▸ TASK TO COMPLETE
Return the data below in full and exactly, except that the pictures are dropped.

▸ DATA BLOCK

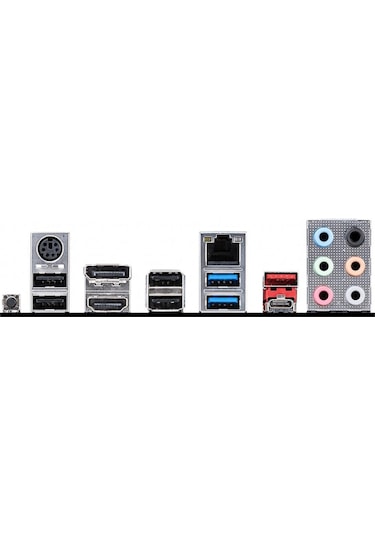 MSI B550-A Pro AMD B550 4400 MHz (OC) DDR4 Soket AM4 ATX Anakart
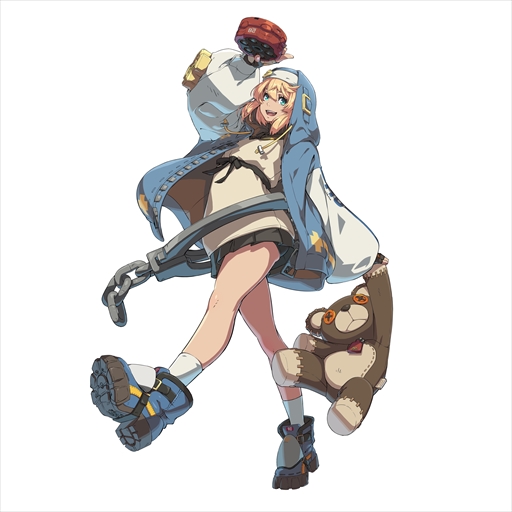 画像ギャラリー No.022のサムネイル画像 / ［EVO2022］「GUILTY GEAR ‐STRIVE‐」，DLCキャラクター・ブリジットの参戦が発表に。販売は明日，8月9日に開始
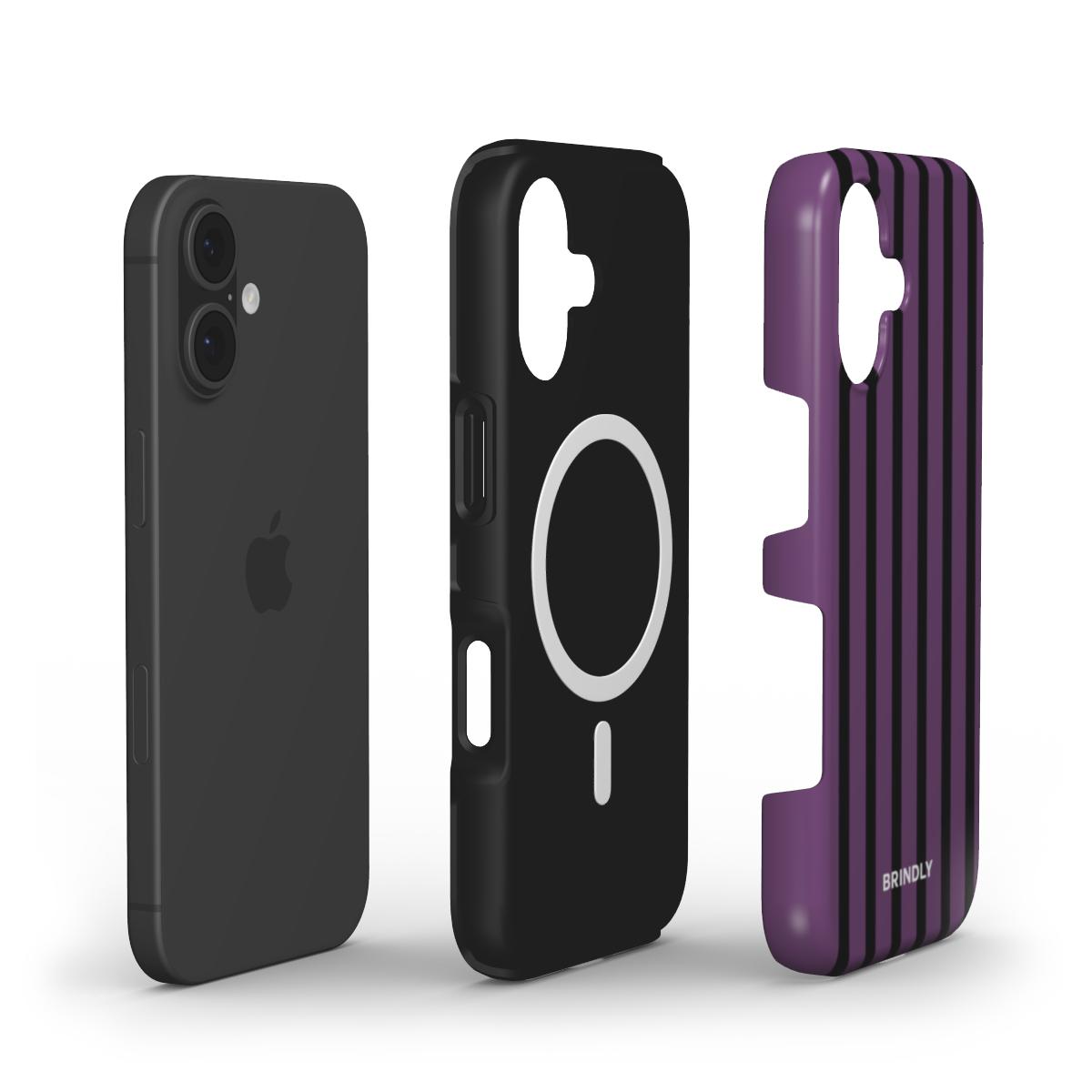 Potion Stripe - MagSafe Tough Phone Case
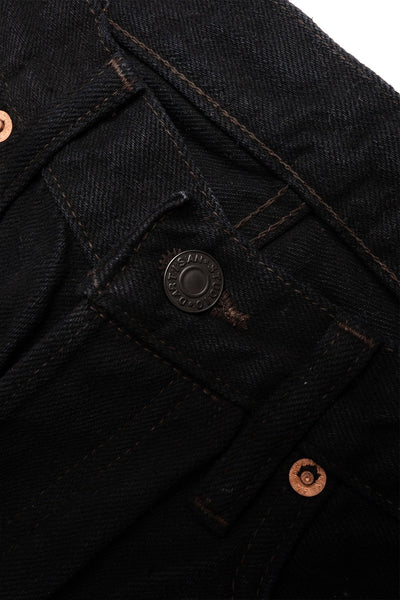 SP-120 45th Anniversary 18oz "Amami Dorozome" Denim -  Regular Straight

▸ RESPONSE TO THIS TASK
 MSI B550-A Pro AMD B550 4400 MHz (OC) DDR4 Soket AM4 ATX Anakart
 画像ギャラリー No.022のサムネイル画像 / ［EVO2022］「GUILTY GEAR ‐STRIVE‐」，DLCキャラクター・ブリジットの参戦が発表に。販売は明日，8月9日に開始
 Potion Stripe - MagSafe Tough Phone Case
 SP-120 45th Anniversary 18oz "Amami Dorozome" Denim -  Regular Straight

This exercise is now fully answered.